Revision history [back]

How to estimate CUDA speedup in advance?

I wanted to investigate the performance gain that can be achieved using CUDA under Windows 32 bit to get some insights if it is useful to bother with CUDA in general and on my current laptop.

So I have used demo_performance.exe from OpenCV-2.4.0-GPU-demos-pack-win32.exe to compare CPU and GPU calculations and got the following results here, with average GPU speedup: x6.144. Then I have realized that - although willowgarage download page still suggests 2.4.0 - there is 2.4.3 version of GPU demos pack. The same test with this new demo gives the following results with average GPU speedup: x4.584. The two numbers differ significantly. I see that the tests are different and because of changes in the test types and image sizes I would say they are hard to compare. For the sake of comparison it would be good if they would match from version to version. Until this point I do know if the average speedup can be explained by the differences of the test or by the differences in OpenCV versions.

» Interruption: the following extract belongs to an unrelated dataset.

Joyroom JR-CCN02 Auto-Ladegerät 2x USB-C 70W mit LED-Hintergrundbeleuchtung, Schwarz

After configuring OpenCV-2.4.3 with CUDA I have compiled demo_perfomance with Visual Studio 2010 Express. Using the 2.4.0 source of GPU demo I got the following results with average GPU speedup: x3.728. Using the 2.4.3 source of GPU demo I got the following results with average GPU speedup: x4.151. I know that gemm tests are missing because of cublas so it is a bit misleading.

However I would say that the two own compiled tests are in the same range. If I assume that the gemm test would increase the own compiled averages (more than x30 speedup in the precompiled cases) they would be in the same range with precompiled 2.4.3 test. Moreover 2.4.0 precompiled demo is still away from them with x6 speedup.

If my argument is valid: What is the cause of the differences? Is it because of the new version? Is it because I have compiled with different options? Both?

In general how can I estimate if - in a certain case - it is useful to bother with the implementation of CUDA version instead of CPU-based algorithm before actually implementing the code with and without CUDA? Or from another perspective I should choose based on the specific algorithm and e.g. I should avoid Laplacian GPU calculation but prefer resize as the numbers are less than 1 for the first and over 1 for the second?